Infrastructure investment conglomerate, Caxxor Group, is proposing to build a rail route linking the Mexican east coast port of Mazatlán with the Canadian city of Winnipeg. The $3.3 billion (€2.7 billion) project, which will draw investment from the governments of Mexico, the US and Canada, as well as the private sector, will link strategic points across all three countries. Caxxor is targeting the movement of container freight, finished vehicles, bulk commodities and petroleum products.
Called the USMCA Corridor, after the new US-Mexico-Canada Agreement trade agreement between the three countries, it will cover more than 146,000 miles (234,964 km) of existing track, with an additional 54 miles to be added in Mexico.
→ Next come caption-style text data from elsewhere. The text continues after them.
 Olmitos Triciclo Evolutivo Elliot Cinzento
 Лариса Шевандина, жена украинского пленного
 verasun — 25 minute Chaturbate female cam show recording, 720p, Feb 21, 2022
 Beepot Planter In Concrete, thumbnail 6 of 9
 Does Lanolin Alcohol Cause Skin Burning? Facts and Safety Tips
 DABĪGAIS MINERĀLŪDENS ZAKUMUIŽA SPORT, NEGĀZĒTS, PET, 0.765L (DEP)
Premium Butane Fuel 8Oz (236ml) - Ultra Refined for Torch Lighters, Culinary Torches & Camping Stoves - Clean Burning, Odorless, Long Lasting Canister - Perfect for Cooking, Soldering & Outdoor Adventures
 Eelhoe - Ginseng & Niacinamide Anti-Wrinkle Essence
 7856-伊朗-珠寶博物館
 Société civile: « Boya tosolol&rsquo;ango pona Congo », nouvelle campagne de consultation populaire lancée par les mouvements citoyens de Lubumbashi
Caxxor’s president, Carlos Ortiz, said the trade route would increase competitiveness through rail connectivity across North America while reducing freight costs and transport times.
The project will require a new logistics terminal in Winnipeg and an expansion of the existing terminal space at Mazatlán port for containers and ro-ro. The expansion of the terminal at Mazatlán, which is in Sinaloa state, and the rail link from there to the Mexican state of Durango, will be amongst the first parts of the corridor to be built.
From Durango it will run through the Mexican state of Monterrey and through the cities of Laredo, Dallas, Tulsa and Chicago.
The proposed rail link through Sinloa is a greenfield project and investors are waiting to see the master plan and other milestone details, but one thing is clear, according to the Mazatlán port terminal operator, Terminal Marítima Mazatlán (TMAZ): a lot more needs to be done in terms of industrialisation.
“If the project is executed in the medium term (2025-2030), it would produce an important increase in our throughput volume,” said TMAZ’s director general, Mauricio Ortiz Medina. ”The big question is which international company will be interested in making the investment in completing the remaining train section to connect Mazatlan with Durango in Mexico?”
Room for improvement
Improving the rail network in Mexico is a perennial issue for the North American automotive sector. There has been significant investment at a number of ports as carmakers based in Mexico look for shortsea alternatives to the congested port of Veracruz, North America’s busiest vehicle handling port (on the east coast).
While Mazatlán is on the west coast it is seeing increased shortsea trade with the US and Canada, as well as for imports of cars and parts from Asia. It is now the second busiest port for finished vehicle traffic on the Pacific coast in Mexico and the new rail corridor would support import export trade through the port.
”The USMCA rail corridor from Mazatlán will bring another way to move parts and finished vehicles between Mexico-US-Canada,” Ortiz told Automotive Logistics. ”This Corridor will provide an excellent opportunity to avoid the rail strikes in Manzanillo and Lazáro Cardenás when they are taking place.”
The existing rail network is used to deliver vehicles to ports as well as going north via Laredo to the US, but whether domestic or continental, rail shipments through Mexico have long been subject to theft and vandalism and the government has been forced in recent years to deploy troops at various troubled areas in response to safeguard railway lines and automotive cargo.
The rail network is also subject to disruption through protest. Last year a rail blockade in the Mexican border state of Sonora disrupted operations at Ford’s Hermosillo stamping and assembly plant, as well as hitting imports and exports to and from the US, according to the carmaker.
According to Ortiz the new route could provide a competitive connection with its most important markets in the US and Canada but could also enable Mazatlán port to compete for traffic with Long Beach port in California with regard to imports from Asia, providing less time in route and transit times between Asia and the destinations in North America.
“Mexico could develop a robust international transportation infrastructure to promote economic security and prosperity,” added Ortiz.
Ford has been exporting vehicles out of Mazatlán port for the last three years but is still looking for improvements including new rail routes and capacity, and more security in the logistics network (as originally outlined by its then director of material planning and logistics Rafael Lopez).
The carmaker is planning to build its redesigned Transit Connect in Hermosillo in 2021, in a shift from Valencia, Spain, designed to meet the North American requirements of the new free trade agreement between the US, Mexico and Canada (USMCA).
Mitsubishi is also using Mazatlán as its exclusive port for imports from where vehicles are taken by rail to its vehicle processing centre in Aguascalientes for value-added services before final delivery, and TMAZ is already expanding facilities at the port to support those volumes.